*** Block opens ***
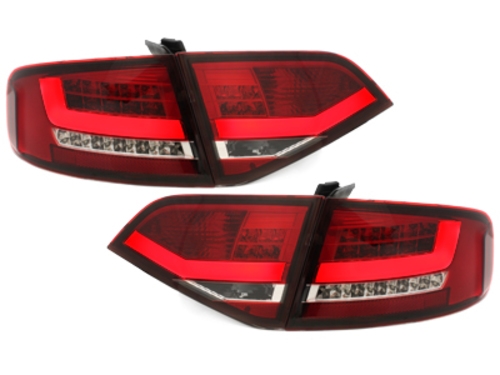 LED-es hátsó lámpák AUDI A4 B8 8K Sedanhoz (2007-2010) Red / Clear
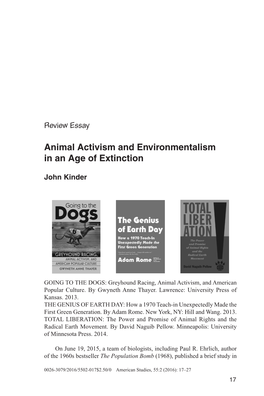 Animal Activism and Environmentalism in an Age of Extinction 17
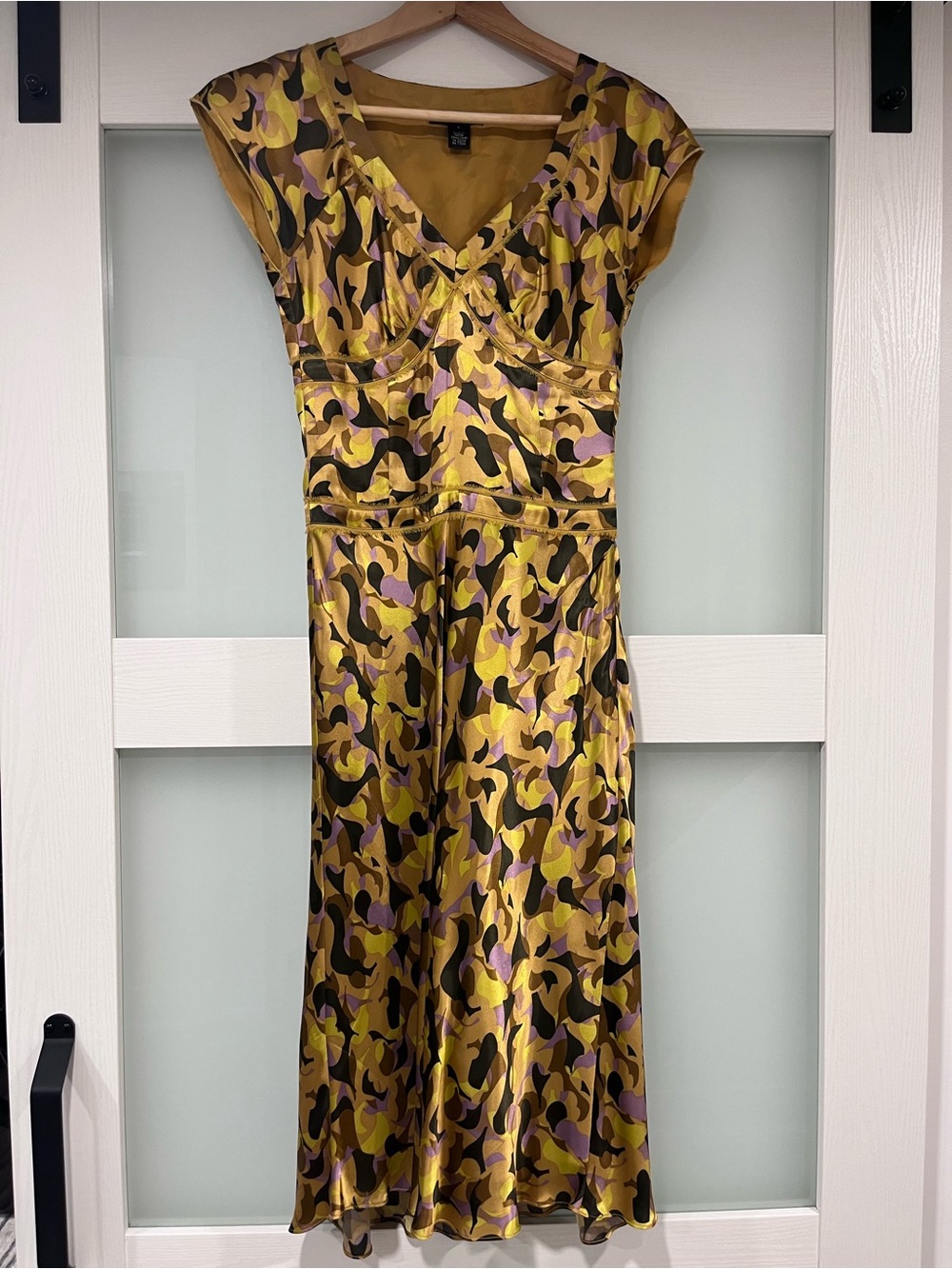 Club Monaco Yellow Abstract Print Midi Dress with Black & Purple Accents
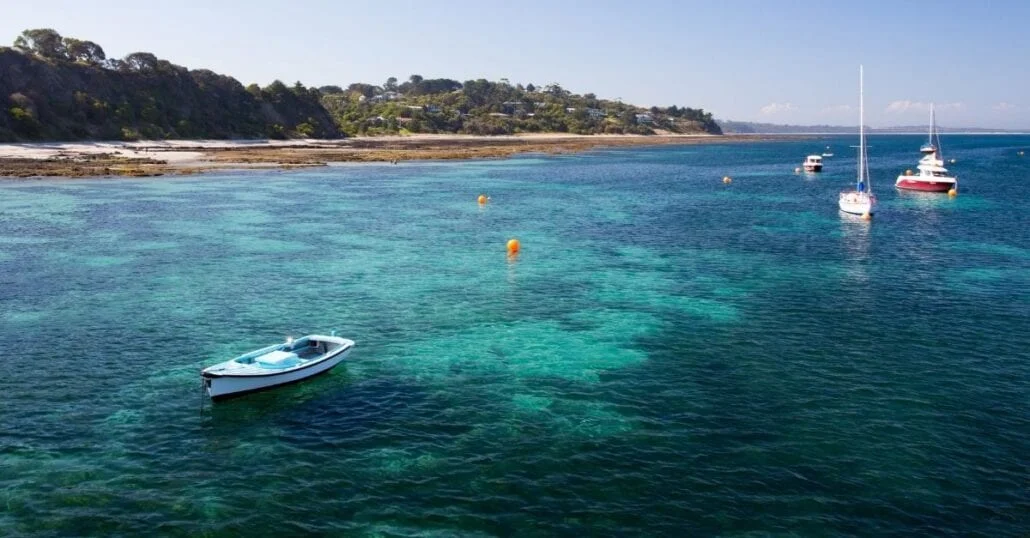 View of the blue pristine ocean of Flinders Bay, in Augusta, Australia.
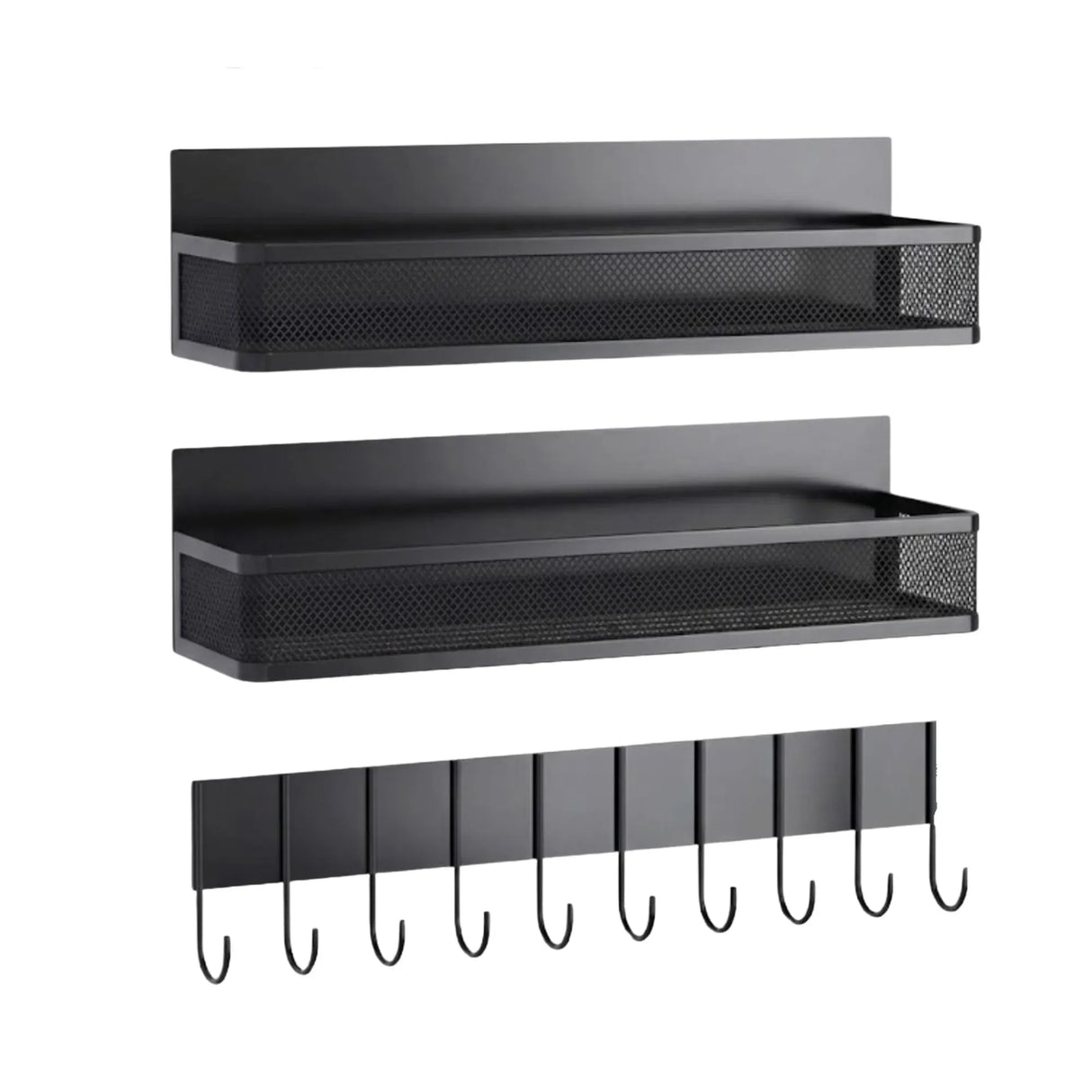 CARLA HOME 3 Pack Magnetic Spice Rack for Fridge Kitchen with Hook Bar
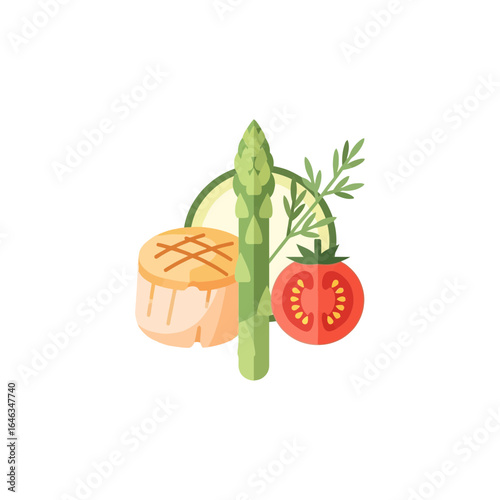 Delicious scallop with fresh asparagus and juicy tomato, a culinary delight for healthy eating and gourmet cuisine enthusiasts, perfect for food blogs and restaurant menus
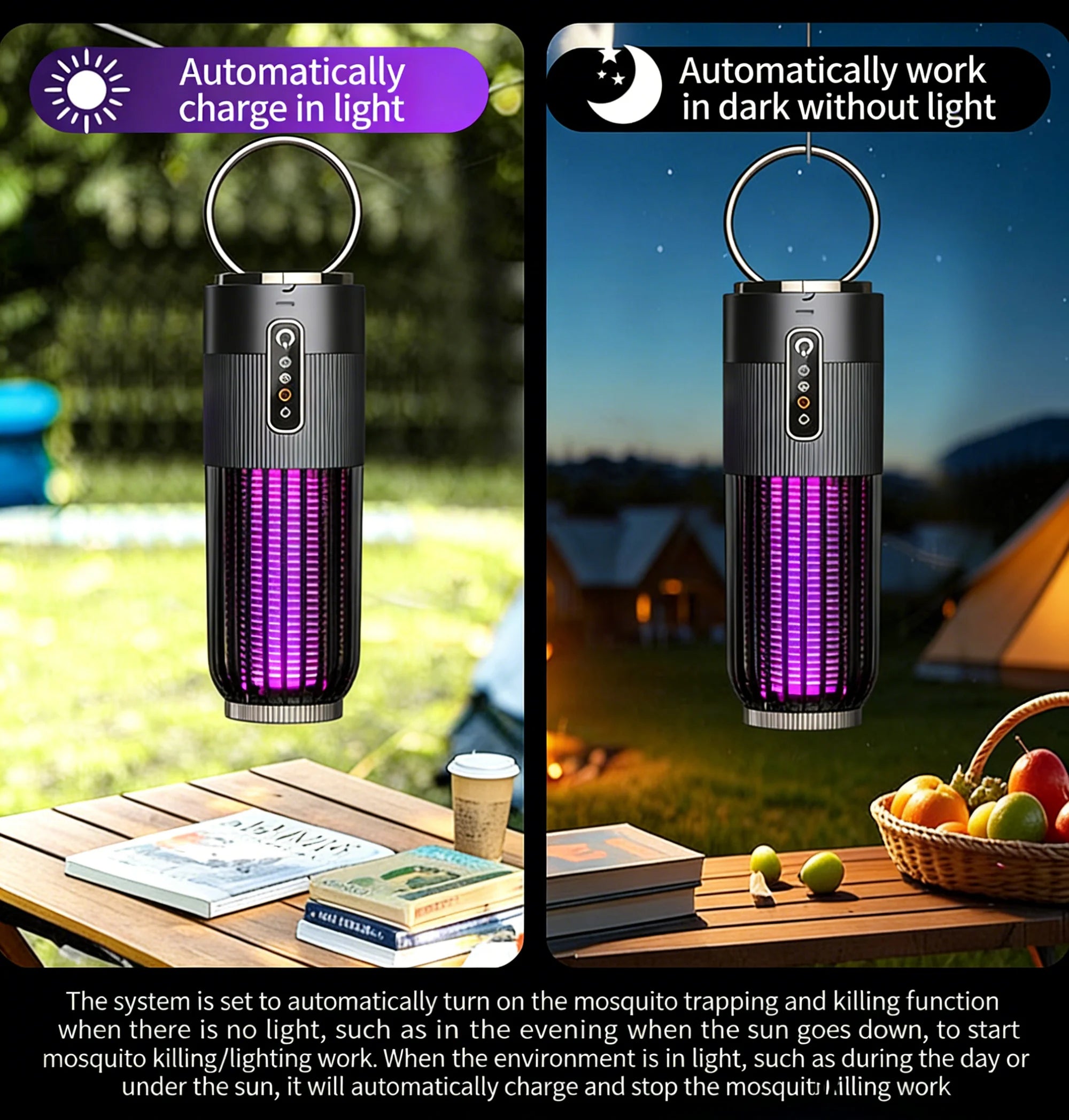 Outdoor Solar Energy Mosquito Killer Camping lamp Upgrade Household Mosquito Repellent USB Rechargeable Portable Insect Killer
*** Block closes ***
ASSIGNED TASK
An exact repeat of all the data is required, pictures excluded.

REPLY
 LED-es hátsó lámpák AUDI A4 B8 8K Sedanhoz (2007-2010) Red / Clear
 Animal Activism and Environmentalism in an Age of Extinction 17
 Club Monaco Yellow Abstract Print Midi Dress with Black & Purple Accents
 View of the blue pristine ocean of Flinders Bay, in Augusta, Australia.
 CARLA HOME 3 Pack Magnetic Spice Rack for Fridge Kitchen with Hook Bar
 Delicious scallop with fresh asparagus and juicy tomato, a culinary delight for healthy eating and gourmet cuisine enthusiasts, perfect for food blogs and restaurant menus
 Outdoor Solar Energy Mosquito Killer Camping lamp Upgrade Household Mosquito Repellent USB Rechargeable Portable Insect Killer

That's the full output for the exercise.